**Brief**
Print verbatim the lines from the beginning of the entries through the line containing "2024 Ford F-250", both ends included. Pictures should be left out.

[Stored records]
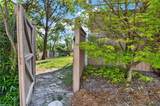 220 83rd St - Photo 38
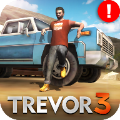 Trevor 3(特雷弗3) v1.01 安卓版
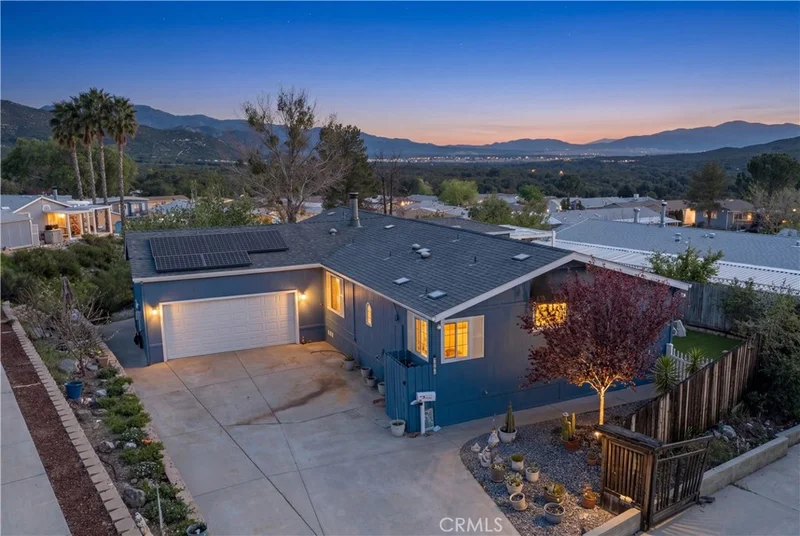 35109 Highway 79 201, Warner Springs, CA 92086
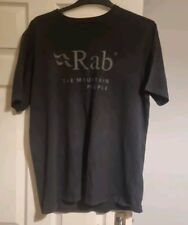 Rab mountain people for sale  LIVERPOOL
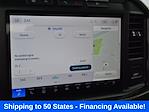 2024 Ford F-250 Crew Cab 4x4 Pickup for sale #01T2683 - photo 25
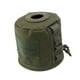 thumbnail image 2 of Caja De Pañuelos Bolsa De Almacenamiento Caja De Almacenamiento De Papel Para Cocina Hogar Senderismo Verde, 2 of 3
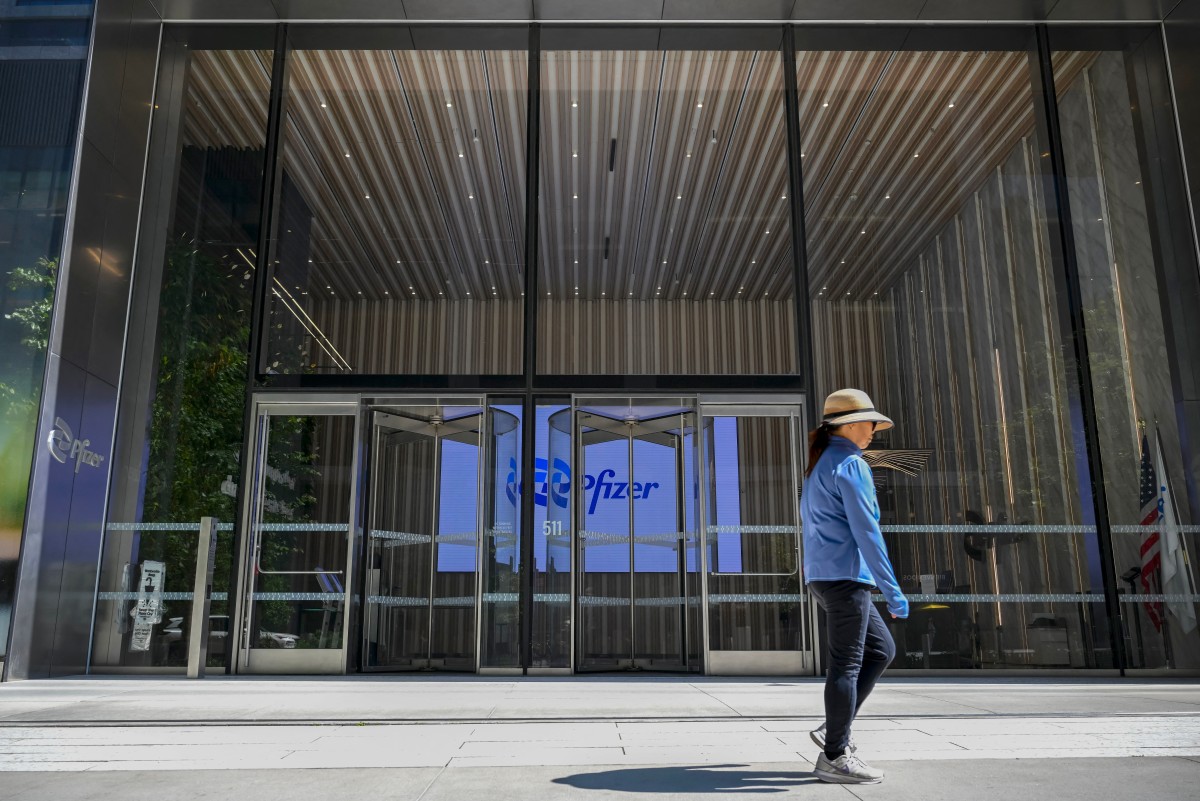 53fbf24e ecf1 464c 9126 03e4b521c4e9 file.jpeg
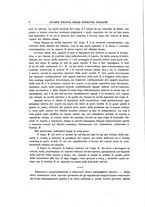 giornale/TO00194481/1918/V.14/00000018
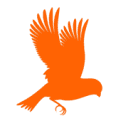 Prisha Production logo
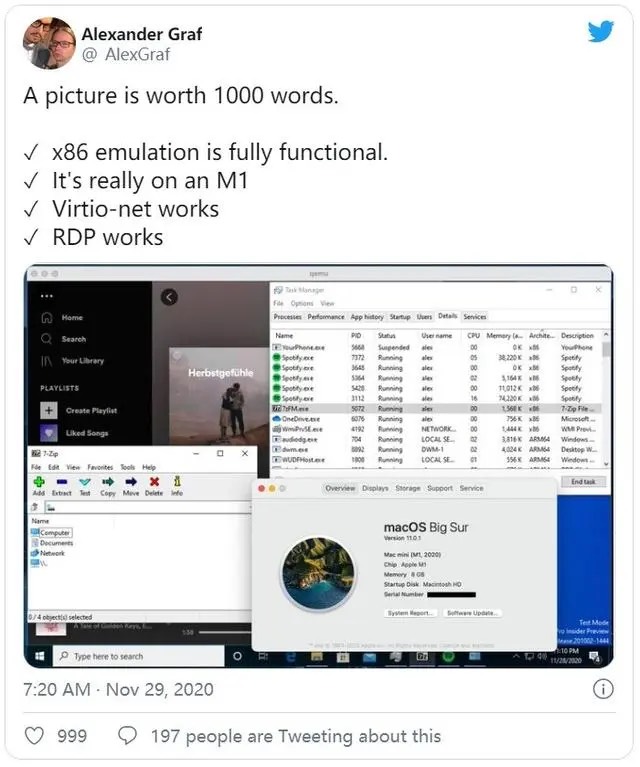 1707276139980617.jpg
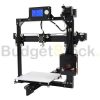 Anet-A2-3D-Printer-Kit-502055-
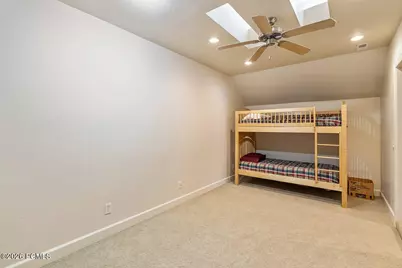 5 E Village Circle, Midway, UT 84049 - Photo 37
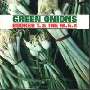Green Onions Booker T & the MG's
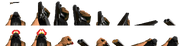Sprite-2bsg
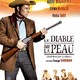 photo du film Le diable dans la peau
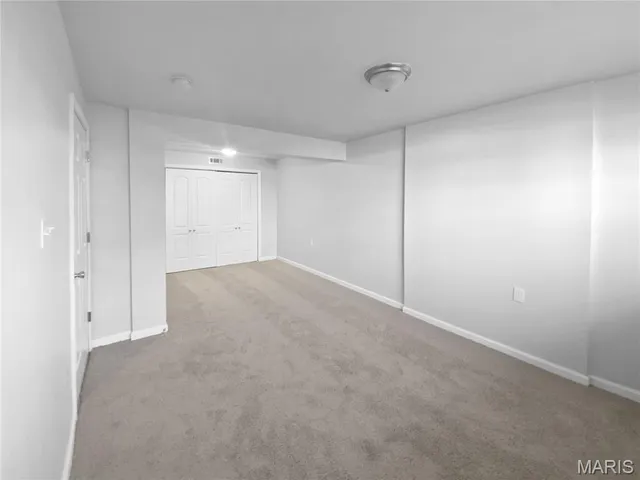 $272,000 | 3166 5 Oaks Drive, Arnold, MO 63010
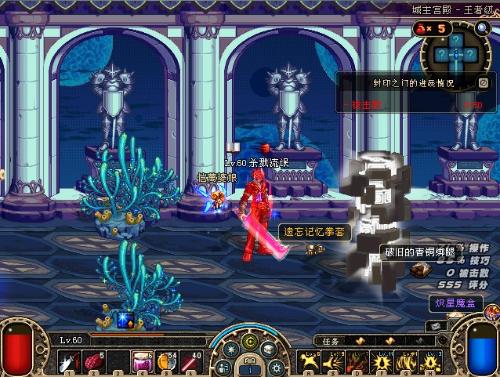 方案总能帮 方案总能帮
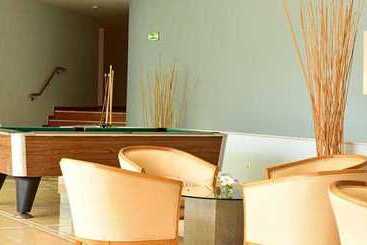 Pestana Alvor Park Suites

**Response to this exercise**
 220 83rd St - Photo 38
 Trevor 3(特雷弗3) v1.01 安卓版
 35109 Highway 79 201, Warner Springs, CA 92086
 Rab mountain people for sale  LIVERPOOL
 2024 Ford F-250 Crew Cab 4x4 Pickup for sale #01T2683 - photo 25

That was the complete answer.